Predictions that the worst could be over following Tuesday’s rally proved premature as the commodities bubble headed south. Gold, oil, copper, wheat, corn, sugar and a host of other commodities all slumped sharply in value. Gold shed $US59 an ounce, its biggest ever single one day fall as financial investors and other players took profits and ran.
But they obviously didn’t head for the stockmarket because the Dow, S&P 500 and Nasdaq all had heavy losses: the Dow shed 293. The popping of the commodity bubble was heard on Monday but ignored in Tuesday’s euphoria. Yesterday investors got the message and they headed for the safety of the bond market or cash.
Helping investors make up their minds was a slight upturn in the value of the US dollar yesterday. Not much, but enough to give credence to claims the Fed was not going to continue cutting rates as quickly as it has been.
As a result, speculators who had shorted the yen or euro to buy commodities had to close out contracts: they got nervous and decided cash was best.
The yield on the three month US treasury note fell to the lowest level since 1958, just 0.56%. That’s less than the 0.75% cut in the Federal Funds Rate on Tuesday. The yield on 10 year US treasury bonds dropped to 3.34%, reversing the biggest rise in four years on Tuesday after the Fed cut rates; the yield on the two year bond tumbled to 1.47%.
That’s a sign of very worried investors: people who are prepared to take half a per cent for three months are terrified of losing their money. One broker says its all about “capital preservation” not profits. So when you read about analyst upgrades for Macquarie Group and National Australia Bank, remember what the hard heads in the US are doing.
Meanwhile, London markets fell by around 60 points after rumours emerged of a bank having liquidity problems. The stories are being investigated by regulators who fear that it could be the work of groups shorting bank shares. HBOS, Britain’s biggest mortgage bank and owner of Bankwest, was the one most rumoured and its shares plunged 17% (after a big fall on Monday as well).

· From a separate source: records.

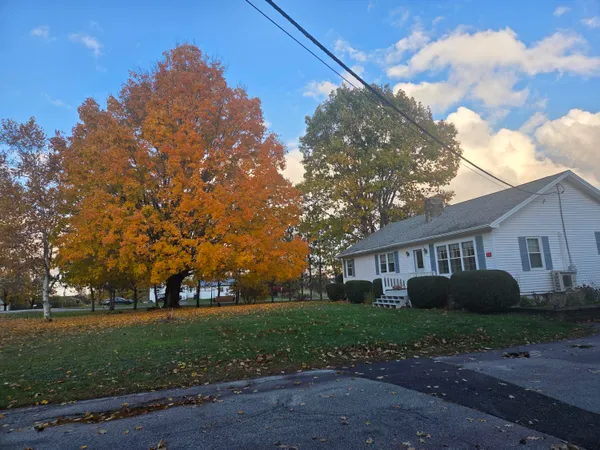 $339,900 | 77 Billings Road, Hermon, ME 04401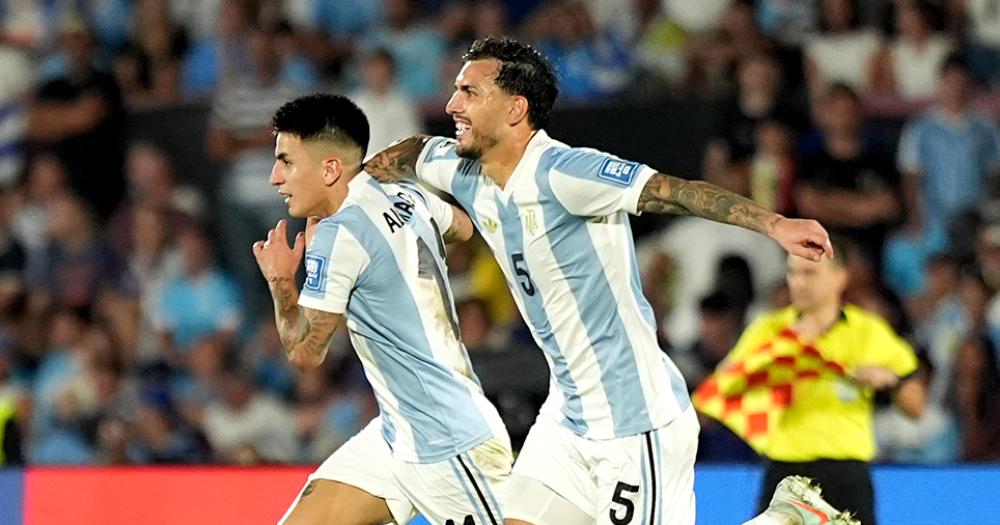 Almada junto a Paredes festeja el gol del triunfo de Argentina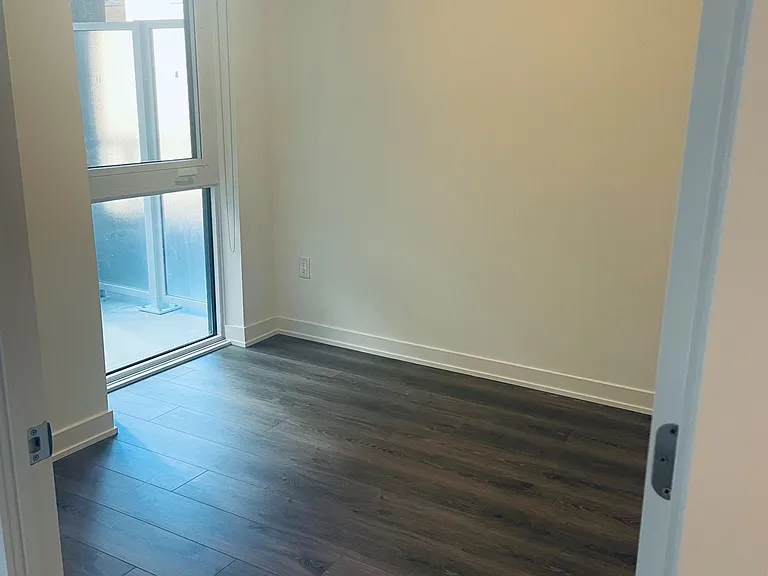 9 Tecumseth St #306 — Photo 8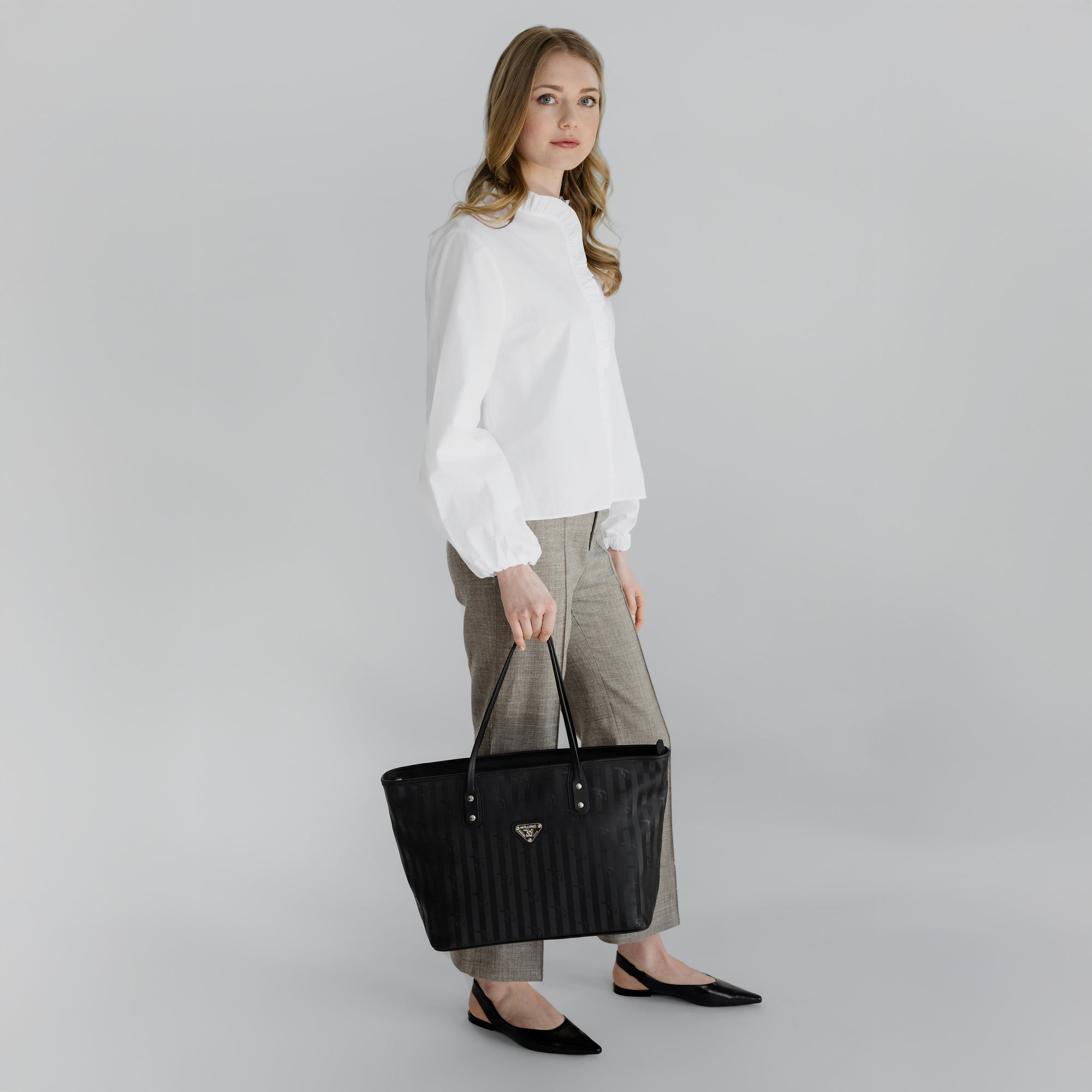 WINTERTHUR | Shopper mit Reissverschluss classic schwarz/silber - full body 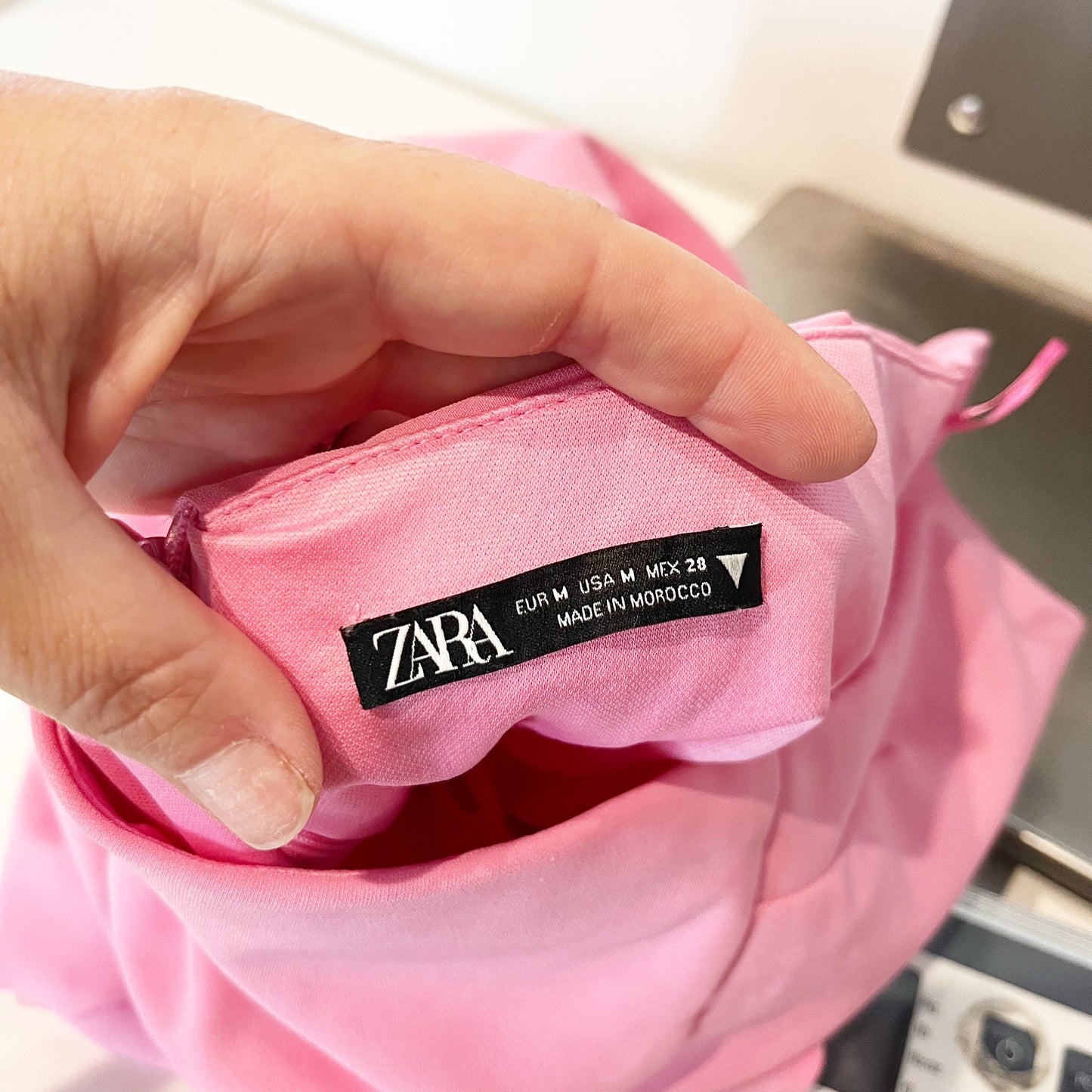 Zara Strapless Sweetheart Neck Ruched Mini Dress Bubble Gum Pink Medium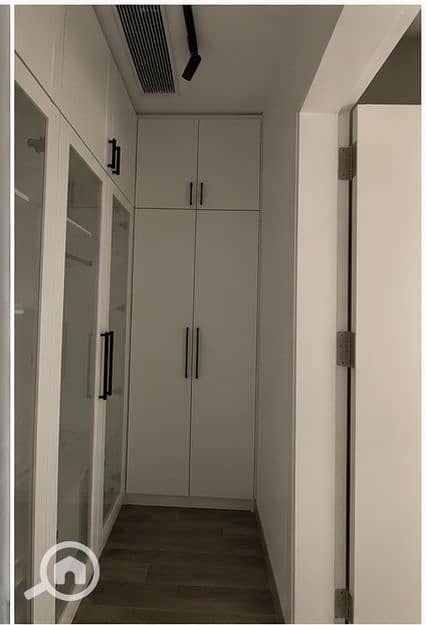 12 corridor_comfortable_natural_v2. png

The London Telegraph reported:
An email circulated in the City by an anonymous banker, seen by The Daily Telegraph, falsely alleged that a newspaper was to run an article today on problems at HBOS which “will raise the spectre of a run on the bank”.
It was also falsely alleged that HBOS, Britain’s biggest mortgage lender, had sought emergency talks with the Bank of England over the Easter weekend.
Those claims are being investigated by the FSA, but the fact they were believed by so many investors shows just how delicate sentiment is at the moment.